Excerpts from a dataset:
==========
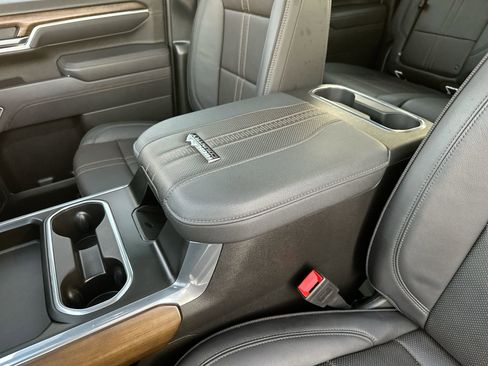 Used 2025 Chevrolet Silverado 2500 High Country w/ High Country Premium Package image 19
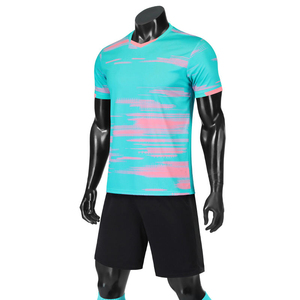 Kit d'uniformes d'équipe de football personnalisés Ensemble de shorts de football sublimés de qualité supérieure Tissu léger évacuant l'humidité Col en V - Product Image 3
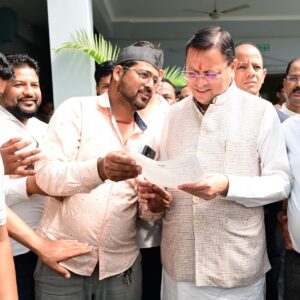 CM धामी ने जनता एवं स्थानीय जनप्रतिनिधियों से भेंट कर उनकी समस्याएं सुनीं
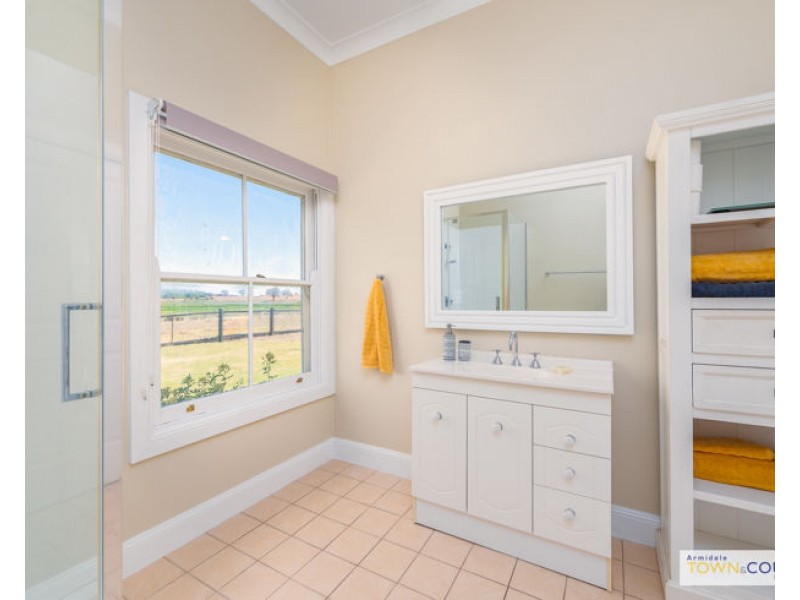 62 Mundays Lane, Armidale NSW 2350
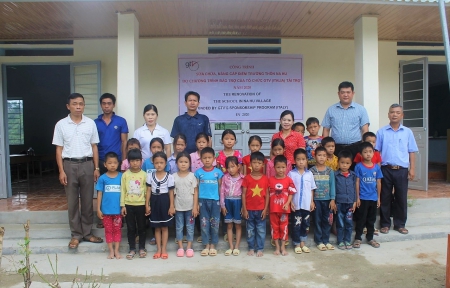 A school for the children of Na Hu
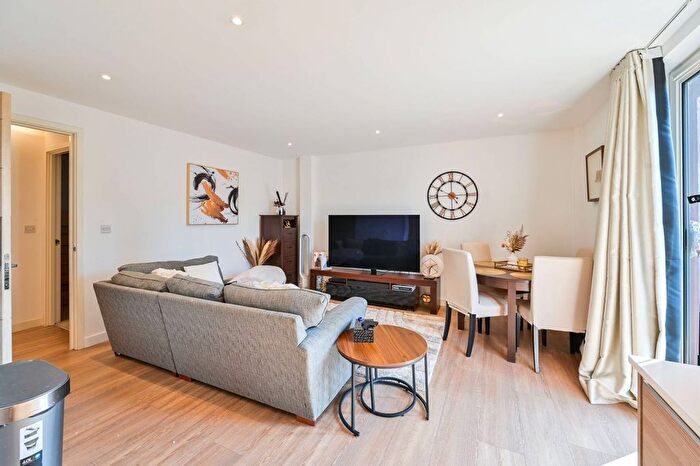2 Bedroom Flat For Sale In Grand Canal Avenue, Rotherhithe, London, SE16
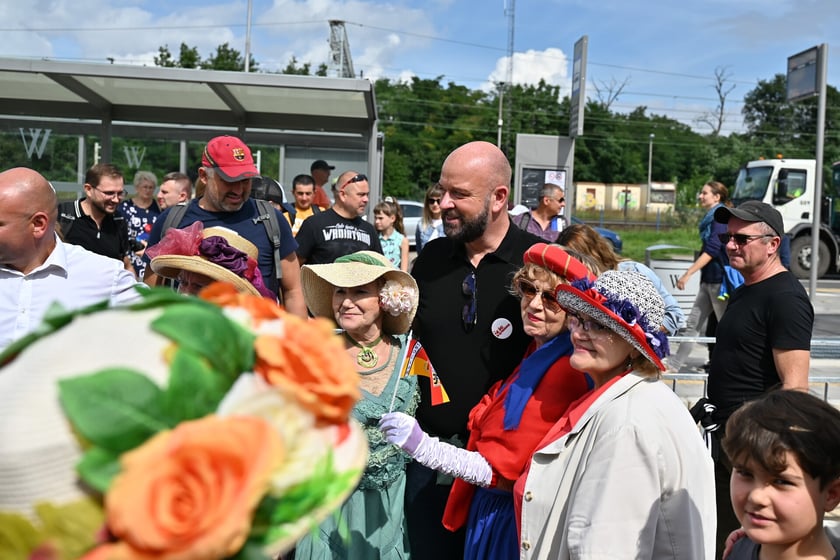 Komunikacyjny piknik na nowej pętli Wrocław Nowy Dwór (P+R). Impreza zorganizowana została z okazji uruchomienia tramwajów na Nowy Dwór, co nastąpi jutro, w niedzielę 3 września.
==========
Nothing but the lines from the one containing "2 Bedroom Flat" through the final line of the records, both included and copied exactly, should appear in the answer; pictures stay out.

◆ **Exercise output**:
2 Bedroom Flat For Sale In Grand Canal Avenue, Rotherhithe, London, SE16
 Komunikacyjny piknik na nowej pętli Wrocław Nowy Dwór (P+R). Impreza zorganizowana została z okazji uruchomienia tramwajów na Nowy Dwór, co nastąpi jutro, w niedzielę 3 września.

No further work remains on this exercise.